Pode parecer exagero, mas este papel provavelmente seria destinado a uma atriz branca e aí esta um dos erros que o cinema e arte ainda persiste. McQueen quebra isso e valoriza o grande potencial artístico e a beleza de Viola e reforça o quanto é importante que mais artistas negros sejam valorizados e estejam presentes nas telas. É hipnotizante o semblante de Viola Davis com a música de Nina Simone ao fundo, as lágrimas que saem pesadas dos olhos e o grito comedido já nos primeiros minutos do filme. Há um embate de olhares entre Viola e Cynthia Erivo (Belle) que é um duelo de grandeza e talento.
Davis é visceral, imprevisível e nos conectamos rapidamente com suas interpretações. Acredito que não deve ser seu trabalho mais relevante e com destaque como atriz, mas é incrível como tudo que ela interpreta soa tão verdadeiro que assusta.
Já Erivo interpreta uma mãe batalhadora que se divide num salão de cabeleireiro e como cuidadora de crianças. A atriz e cantora é uma surpresa, conhecida por musicais da Broadway e seus prêmios nesta área e aqui nas telas traz uma força, fisicalidade, um olhar e firmeza nas palavras que me ganha neste papel que é coadjuvante e que nem faz parte do núcleo das viúvas, mas que tem um destaque importantíssimo.
Elizabeth Debicki (“Guardiões da Galáxia Volume 2) tem uma Alice interessante de ser explorada pela atriz.

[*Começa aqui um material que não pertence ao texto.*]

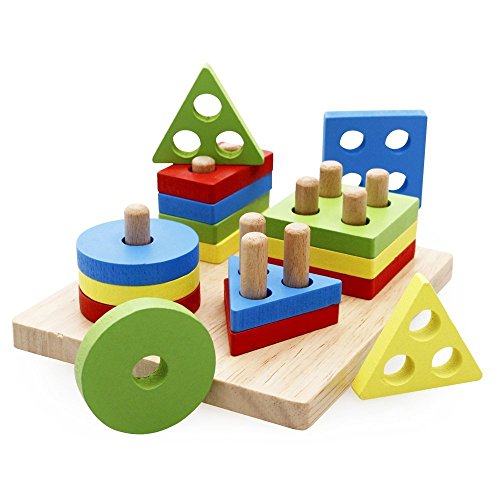 Lewo Holzpuzzles Geometrisches Steckspiel Farben- und Formen Sortierspiel Lernspielzeug für kleinkind Kinder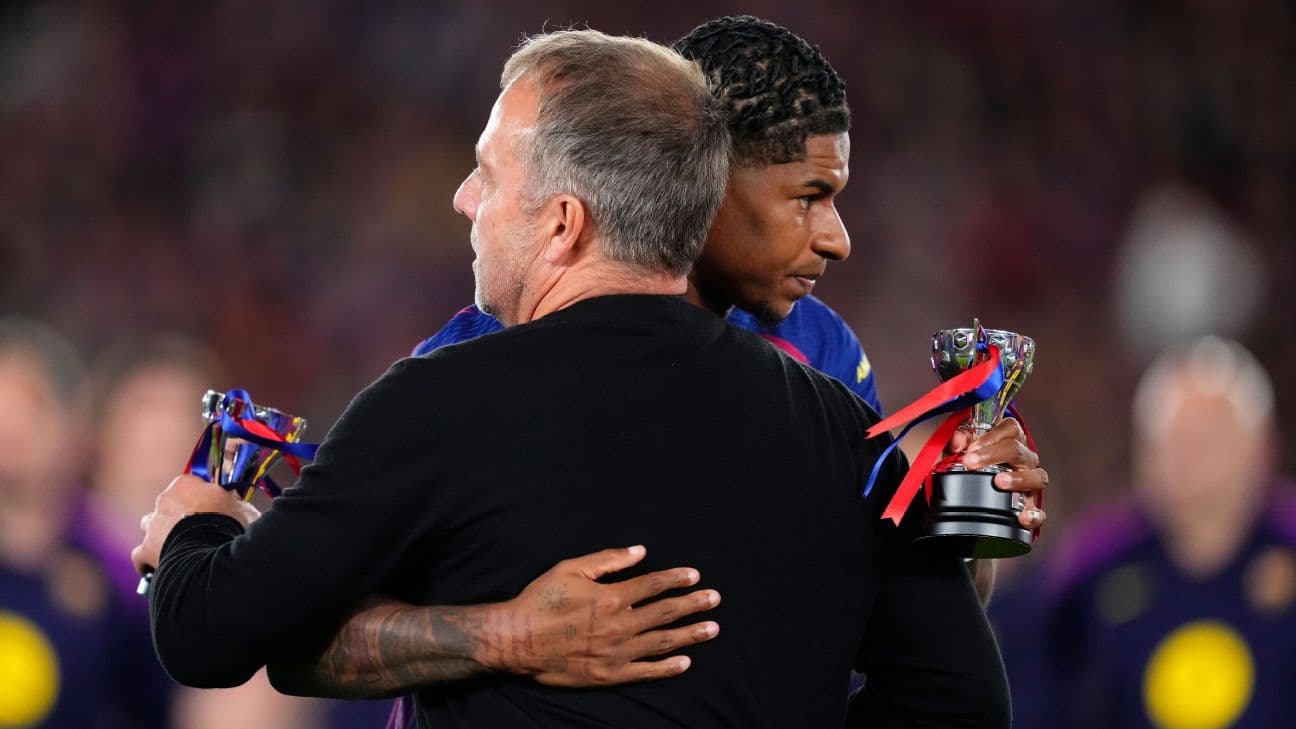 Barcelona's Hansi Flick as Marcus Rashford returns to Man United: 'I will miss him'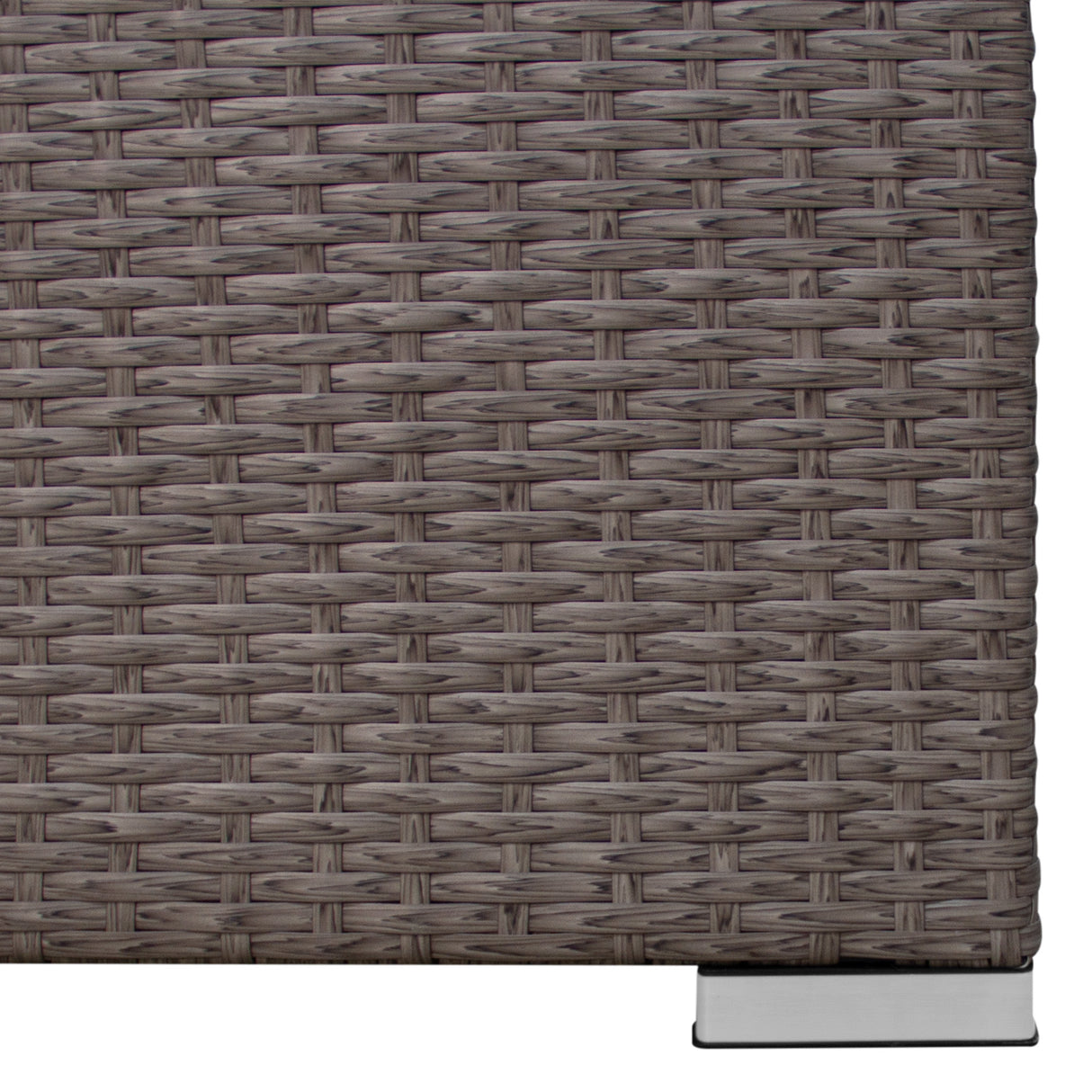 Salon de jardin en rotin gris, tressage serré, texture douce, conçu pour 9 personnes, avec une finition élégante et moderne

Ela traz momentos engraçados e imprevisíveis no filme (um respiro num ar tão violento), tentando sair do estereótipo linda, loira e burra e cresce diante dos nossos olhos, mas seu desfecho considero o mais fraco da trama.
Não é um filme apenas sobre assaltos, perseguições em carros a toda velocidade e talvez do gênero ação. Fala sobre ganância, corrupção excessiva, racismo, com uma crítica social forte, as trocas de favores na politicagem, o uso abusivo de armas (é assustador como se pode comprar uma arma como se fosse numa farmácia), as relações de poder e o quanto pode ser duvidoso confiar em quem amamos. O diretor relata que desde que assistiu a série há 35 anos nada mudou, mas que se o filme que ele produziu alertar, chegar no espectador e ser útil já é algo grandioso.
O filme sofreu já algumas críticas por perder seu foco, pelos diversos temas explorados e que podem cansar os espectadores ao longo de 2h10 de duração. Confesso que num ano péssimo de produção Hollywoodiana este por enquanto é um dos melhores que assisti. Pelo menos teremos diante das telas um elenco “grandioso” que além dos já citados há participações de Robert Duvall e Collin Farrell como pai e filho (interpretando o perfeito exemplo de como se corromper facilmente na política).
Prestem atenção nas cenas que a câmera nos coloca dentro da van, ou fora do carro (a cena do vereador com a assessora é um primor), o início bombástico e muito bem editado com o momento amoroso da protagonista e cenas que a violência se aproxima mais ainda com o posicionamento da câmera.
Mas o roteiro tem falhas no desfecho de alguns personagens (aquela sensação que poderia ser melhor, pois o elenco merece mais do que isso) e só me surpreendeu num evento que Verônica sofre sobre sua relação com o marido e a ligação com o filho. Sim, a reviravolta final é bem previsível.
Este ano percebi uma leva de filmes sobre empoderamento, mulheres sendo protagonistas, onde elas brilham e aqui em As Viúvas a sonoridade entre elas é um lema a ser seguido e porque não dizer jogado ao mundo como forma de resistência.
Pode não ser o melhor filme da pequena trajetória cinematográfica de Steve McQueen, mas ele tem o dom de extrair interpretações verdadeiras. Desfrute!